Court Opinion

ID: 1338292
Source: CourtListenerOpinion
Date Created: 2013-10-30 05:36:58.473266+00
Date Added: 2024-06-11T09:37:13.292093
License: Public Domain

105 S.E.2d 277 (1958)
249 N.C. 117
DELMAR STUDIOS OF THE CAROLINAS, INC., a Corporation,
v.
J. E. GOLDSTON.
No. 254.
Supreme Court of North Carolina.
October 29, 1958.
*279 E. K. Powe, Durham, for defendant, appellant.
Helms, Mulliss, McMillan & Johnston, Wm. H. Bobbitt, Jr., Charlotte, for plaintiff, appellee.
DENNY, Justice.
The question for determination on this appeal is whether or not the court below committed error in continuing the temporary restraining order until the final determination of the action on its merits.
The defendant's assignments of error numbered 1 through 8 are based on similarly numbered exceptions to the refusal of the court below to find facts as requested by the defendant. These assignments of error are without merit and are, therefore, overruled.

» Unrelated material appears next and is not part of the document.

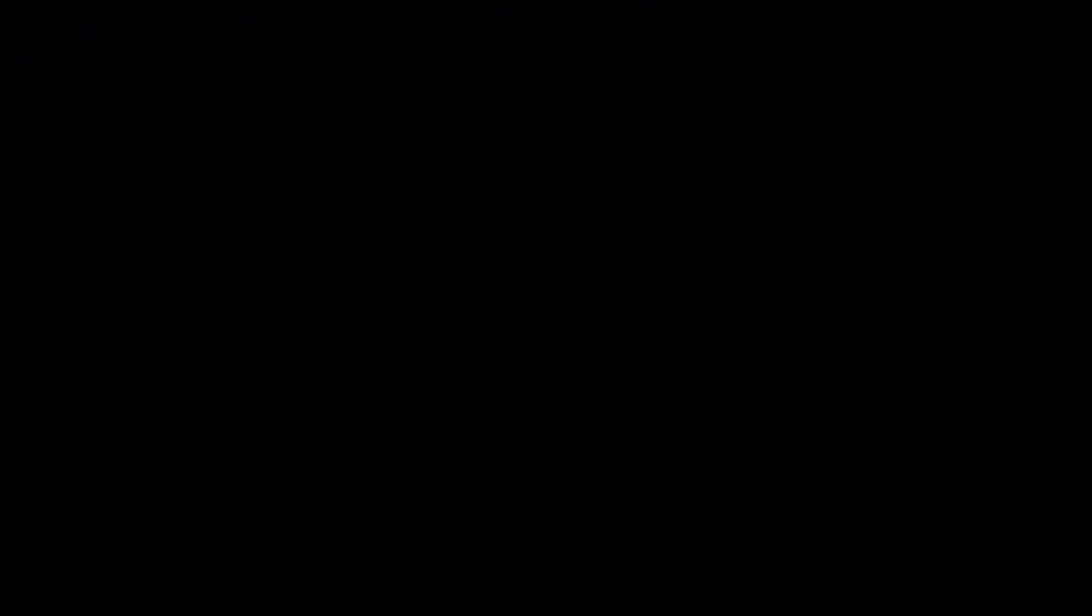When that is done, install desktop sudo apt install raspberrypi-ui-mods.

Assignments of error numbered 9 through 15 are based on like numbered exceptions to the court's findings of fact numbered 1, 2, 3, 5, 6, 8 and 9, while assignment of error numbered 16 is based on an exception to the signing of the order continuing the temporary restraining order to the final hearing.
There is ample evidence to support the findings of fact challenged by the defendant's exceptions and assignments of error. Hence, they are overruled.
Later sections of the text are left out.